Take the present decline in the technology-laden NASDAQ market, or the carnage investors have experienced in energy shares. Tech stocks are presently down almost 3% from last week’s high, although several individual shares are down a great deal more than that. At some point, these pullbacks will have run their course.
The oil patch has seen even greater declines as the price of oil plummets, then spikes, only to fall again. But once these areas find a bottom, something else—financials, healthcare, utilities, etc. – could be the next group to sell off. It will depend on their price level in relation to the rest of the market.

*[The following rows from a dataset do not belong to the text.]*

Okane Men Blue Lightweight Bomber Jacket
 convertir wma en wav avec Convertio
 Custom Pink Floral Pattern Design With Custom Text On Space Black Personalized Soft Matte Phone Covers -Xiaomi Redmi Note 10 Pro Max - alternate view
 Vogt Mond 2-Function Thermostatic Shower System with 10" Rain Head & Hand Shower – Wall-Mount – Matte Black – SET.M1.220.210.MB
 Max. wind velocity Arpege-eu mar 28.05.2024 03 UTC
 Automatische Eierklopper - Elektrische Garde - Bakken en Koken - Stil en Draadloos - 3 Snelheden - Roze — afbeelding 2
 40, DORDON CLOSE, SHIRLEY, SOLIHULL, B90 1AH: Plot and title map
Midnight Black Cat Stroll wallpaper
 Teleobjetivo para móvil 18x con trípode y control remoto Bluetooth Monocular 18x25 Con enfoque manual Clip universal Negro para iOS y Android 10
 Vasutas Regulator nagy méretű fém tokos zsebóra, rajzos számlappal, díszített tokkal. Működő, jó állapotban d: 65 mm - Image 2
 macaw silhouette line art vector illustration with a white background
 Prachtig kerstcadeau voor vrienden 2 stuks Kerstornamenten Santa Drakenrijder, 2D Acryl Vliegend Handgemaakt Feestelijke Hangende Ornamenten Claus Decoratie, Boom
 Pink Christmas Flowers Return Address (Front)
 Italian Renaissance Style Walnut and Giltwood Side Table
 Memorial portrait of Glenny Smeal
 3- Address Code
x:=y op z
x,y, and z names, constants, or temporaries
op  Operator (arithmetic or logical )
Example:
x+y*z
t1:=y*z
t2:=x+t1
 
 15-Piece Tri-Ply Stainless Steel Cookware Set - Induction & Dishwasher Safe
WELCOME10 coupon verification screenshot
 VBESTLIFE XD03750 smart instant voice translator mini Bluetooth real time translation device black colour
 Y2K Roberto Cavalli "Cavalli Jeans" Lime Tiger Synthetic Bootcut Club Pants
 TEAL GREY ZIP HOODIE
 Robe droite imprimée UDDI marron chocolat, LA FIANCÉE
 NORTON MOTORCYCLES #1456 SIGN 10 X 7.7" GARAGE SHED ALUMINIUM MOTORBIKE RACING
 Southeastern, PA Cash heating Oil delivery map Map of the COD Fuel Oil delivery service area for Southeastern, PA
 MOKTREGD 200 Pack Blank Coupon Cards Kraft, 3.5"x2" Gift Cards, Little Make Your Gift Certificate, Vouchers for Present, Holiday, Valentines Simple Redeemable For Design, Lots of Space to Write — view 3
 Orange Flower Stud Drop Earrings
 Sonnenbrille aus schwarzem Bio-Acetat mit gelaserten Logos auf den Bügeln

This is the concept of “rotation,” which I explained in last week’s column. So while the overall averages may show little change from month-to-month, certain areas could experience substantial declines. Small cap stocks have done little all year while many other sectors have risen in price. Some traders are betting that money coming out of technology could conceivably end up in the small-cap Russell 2000 Index and financial sector.
Financials have been held back this year due to the onerous rules and regulations that encumber their business as well as the continued historically low level of interest rates. This could be another area where investors may perceive “value.” Some investors have been buying the banks, expecting the beginning of a Fed-inspired, interest rate rise will help their profits.
That may not be too far off, given the actions of the central bank this week. They hiked short-term rates higher by a quarter of one percent (expected) but also revealed additional details on their plan to reduce their balance sheet by selling back trillions of dollars in bonds over the next four years or so. You should simply understand this as another form of tightening monetary policy. A rule of thumb would be $30 billion in balance sheet reduction would be roughly equal to a ¼% rise in the Fed Funds rate.
While no one is blaming the Fed for tightening monetary policy too soon or too fast, the fact remains that Fed Chairwoman Janet Yellen and her 12 apostles are no longer expanding monetary policy. The punch bowl of loose money is drying up, at least here in America. The hope is that the economy and the private sector are strong enough to takeover and the Fed can get back to its normal duties of playing the top cop in relation to inflation and employment.